La perception et la représentation de la France et des Français dans le monde anglo-américain des XVIIe et XVIIIe siècles

Publié le par Matthieu Vernet (Source : Pierre DEGOTT)

Appel à communications
Société d'Études Anglo-Américaines des XVIIe et XVIIIe Siècles
20 - 21 janvier 2012 (Paris)

La perception et la représentation de la France et des Français dans le monde anglo-américain des XVIIe et XVIIIe siècles

Ce colloque s'attachera à examiner le regard porté sur la France et les Français par le public anglo-américain des XVIIe et XVIIIe siècles. Il permettra une réflexion sur la perception d'une réalité étrangère, sur la notion de stéréotype ou d'« écran culturel », sur tous ces aprioris et systèmes appris ou pré-construits qui pré-structurent notre perception de l'autre et de l'étranger, aboutissant à ce que Husserl et Merleau-Ponty ont théorisé en évoquant la notion du jugement antéprédicatif. De la francophobie systématique à la francophilie fantasmée, amenées par une connaissance réelle issue de l'expérience et de l'observation ou bien au contraire véhiculées par la diffusion d'ouïe-dires ou de préjugés arbitraires, tous les jugements ou attitudes face à l'ennemi ou à l'ami français jalonnent et façonnent deux nations elles-mêmes en quête, à des degrés divers, d'une véritable identité nationale. Dans tous les cas, la réflexion permettra de vérifier ou d'infirmer le principe selon lequel : « esse est percipi » (« être, c'est être perçu »).
Dans le domaine anglais, les premiers mots qui viendront à l'esprit seront vraisemblablement ceux de « rivalité », d'« incompréhension » ou d'« étrangeté », tant les rapports entre les deux nations étaient tendus à une époque particulièrement complexe sur le plan politique, que l'historien John Robert Seeley n'hésita pas au XIXe siècle à appeler « la seconde Guerre de Cent Ans ». Pourtant, le conflit dépassait largement la simple rivalité commerciale ou stratégique, car il s'agissait bien plus d'une opposition entre deux systèmes, voire entre deux visions du monde que l'on pourra décliner par exemple selon les paradigmes suivants : la « tyrannie » française contre la « liberté » anglaise ; le catholicisme contre le protestantisme ; le théisme contre le déisme ; le mercantilisme contre le libre échange ; le cartésianisme contre l'empirisme, etc. Des deux côtés de la Manche, philosophes, religieux et politiques discutaient sans relâche des avantages et des inconvénients des deux systèmes, non sans contresens, aprioris ou malhonnêtetés d'une part ou de l'autre.
Dans le monde américain, les Français sont également vus comme ces voisins papistes et envahissants, alliés des nations indiennes, contre lesquels les colonies luttent tout au long du XVIIIe siècle.
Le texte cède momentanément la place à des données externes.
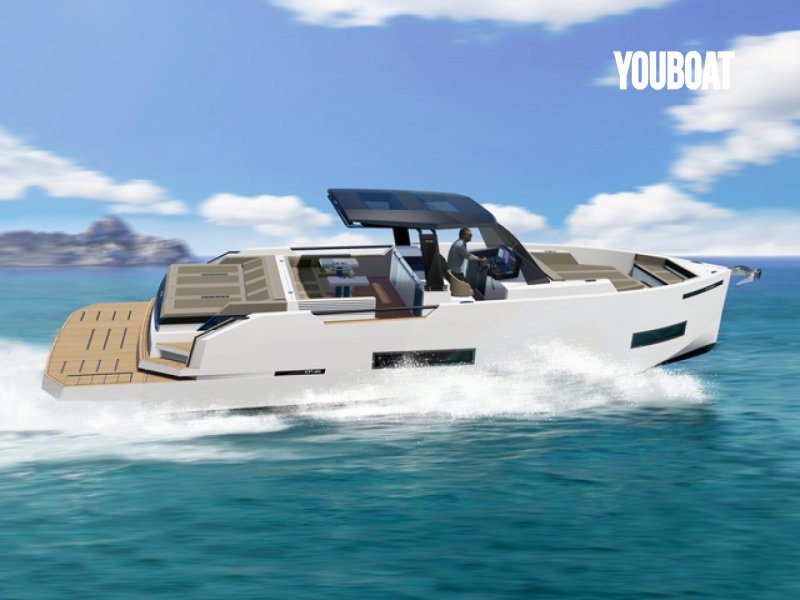 De Antonio Yachts D50 Open neuf à vendre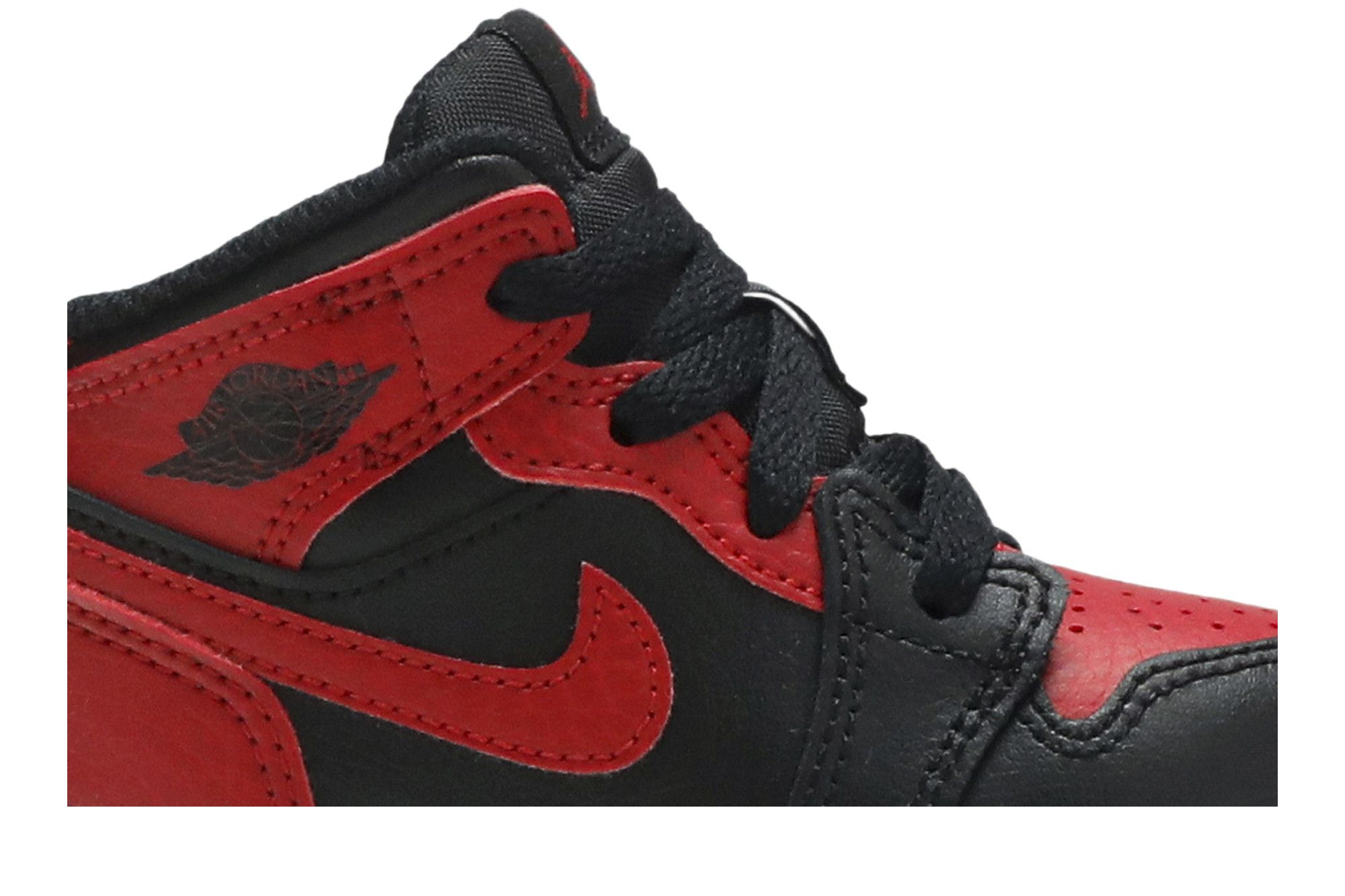 Size 5.0 Air Jordan 1 Mid TD Banned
On pourra ainsi s'interroger sur les formes que prirent, dans les écrits puritains ou les premiers journaux des colonies, la défiance et l'hostilité envers les colons français d'Amérique du nord et leurs valeurs, ou supposées valeurs. Après la défaite française en Amérique du nord en 1763, et le soutien de la France aux colonies rebelles entre 1778 et 1781, la France et les Français ont-ils été immédiatement perçus différemment, et si oui par qui ?
Cependant, ce qu'on a appelé la deuxième « République des Lettres », laquelle évidemment n'exclut en rien l'univers américain, était également un centre d'influences mutuelles détaché des antagonismes politiques, religieux ou économiques, et les échanges multiples entre les nations, qu'ils fussent teintés de méfiance, de scepticisme, d'admiration ou de fascination, focalisent l'intérêt et l'attention du monde anglo-américain sur la culture de ce dérangeant « voisin » d'outre-Manche ou d'outre-Atlantique.
Dans le domaine américain, où peu de Fondateurs sont au final de réels francophiles (pas même peut-être Jefferson…), on pourra ainsi se demander quel rôle joua véritablement l'expérience française dans la carrière politique ultérieure des diplomates américains qui ont séjourné en France entre 1776 et 1789, sans parler de ceux qui leur succédèrent. Tout comme en Angleterre, la Révolution française joue un rôle majeur aux États-Unis après 1789, passionnant le pays, des gouvernants au peuple. La perception et la représentation de la France et des Français sont au coeur du débat politique national, à travers caricatures, toasts et articles de journaux, d'autant que les rues des villes américaines s'emplissent d'émigrés, de réfugiés de Saint-Domingue et autres boulangers ou maîtres de danse français, avant que les armées victorieuses de la Révolution n'impriment une image martiale, et menaçante, sur la psyché d'un pays attaché à la démocratie et au libre commerce. On pourra donc s'interroger sur les formes variées et toujours en évolution que prirent ces représentations de la France dans la jeune Amérique de la deuxième moitié du XVIIIe siècle, à travers correspondances privées, journaux et illustrations.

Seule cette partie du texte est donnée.